It’s a very different Britain to 1984-5. In some ways it’s much worse. Thatcher drove much of the working class into poverty, but there were not widespread cases of starvation and dying due to benefit sanctions as there are now. Foodbank was a term we had never heard of and certainly branches of the Trussell Trust were not seen in thousands of our towns and cities as there are now.

So perhaps although this new record is to raise money for Ebola rather than starvation in Africa, many are questioning why money cannot be raised to ease our own plight in Britain.

Alongside this we live in a very different world than we did in 1984. We are asking more questions about charitable donations. Who is benefiting? Where is the money going exactly? What are the admin costs? How much money is going to the people actually suffering? Can’t we help Africa help itself in a different way? Do the white Western people feel smug about helping black Africans?
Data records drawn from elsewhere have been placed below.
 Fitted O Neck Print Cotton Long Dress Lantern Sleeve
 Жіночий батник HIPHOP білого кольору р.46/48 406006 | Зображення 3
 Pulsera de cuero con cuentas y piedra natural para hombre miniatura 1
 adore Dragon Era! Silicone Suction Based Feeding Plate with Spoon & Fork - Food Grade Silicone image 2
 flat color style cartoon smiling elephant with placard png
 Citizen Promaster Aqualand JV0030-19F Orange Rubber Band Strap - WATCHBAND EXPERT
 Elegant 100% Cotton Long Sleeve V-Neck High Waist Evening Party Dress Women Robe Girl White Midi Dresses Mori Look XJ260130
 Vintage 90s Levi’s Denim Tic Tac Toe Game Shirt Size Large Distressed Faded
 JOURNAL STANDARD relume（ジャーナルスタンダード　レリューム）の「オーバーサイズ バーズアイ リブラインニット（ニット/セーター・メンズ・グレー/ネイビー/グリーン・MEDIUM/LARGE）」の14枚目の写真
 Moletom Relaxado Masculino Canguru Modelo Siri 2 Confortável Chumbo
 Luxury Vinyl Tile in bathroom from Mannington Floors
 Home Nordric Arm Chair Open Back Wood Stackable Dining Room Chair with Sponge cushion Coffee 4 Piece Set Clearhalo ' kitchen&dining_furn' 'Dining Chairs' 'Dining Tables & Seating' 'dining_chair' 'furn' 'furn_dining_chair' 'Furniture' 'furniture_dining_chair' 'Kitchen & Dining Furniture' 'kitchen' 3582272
We have seen millions of pounds spent on famine relief in Africa, but no structural change in making sure mass starvation does not occur again.

Money has gone missing on the African continent to corrupt government officials, thus prolonging their own countries’ suffering. Feeding the starving simply is not enough. Global changes were needed to make sure the “benevolent West” doesn’t have to revisit these scenes every few years, but that structural change has not happened.

Many countries in Africa are still as poor as they were in 1984-5. Now Ebola which is killing people in west Africa is being used emotively, as it could soon be on the doorstep of the West in vast numbers.

Fling enough money at it and we will make sure the US and Britain do not have to suffer seems to be the motive what behind this charitable effort.

The record is in its third run-out, which is also a bit desperate — the thing has been done and is frankly looking as tired and pained as Sir Bob himself. Adele didn’t respond to Geldof as she is raising a family — even my kids could not name everyone on the new video of the song.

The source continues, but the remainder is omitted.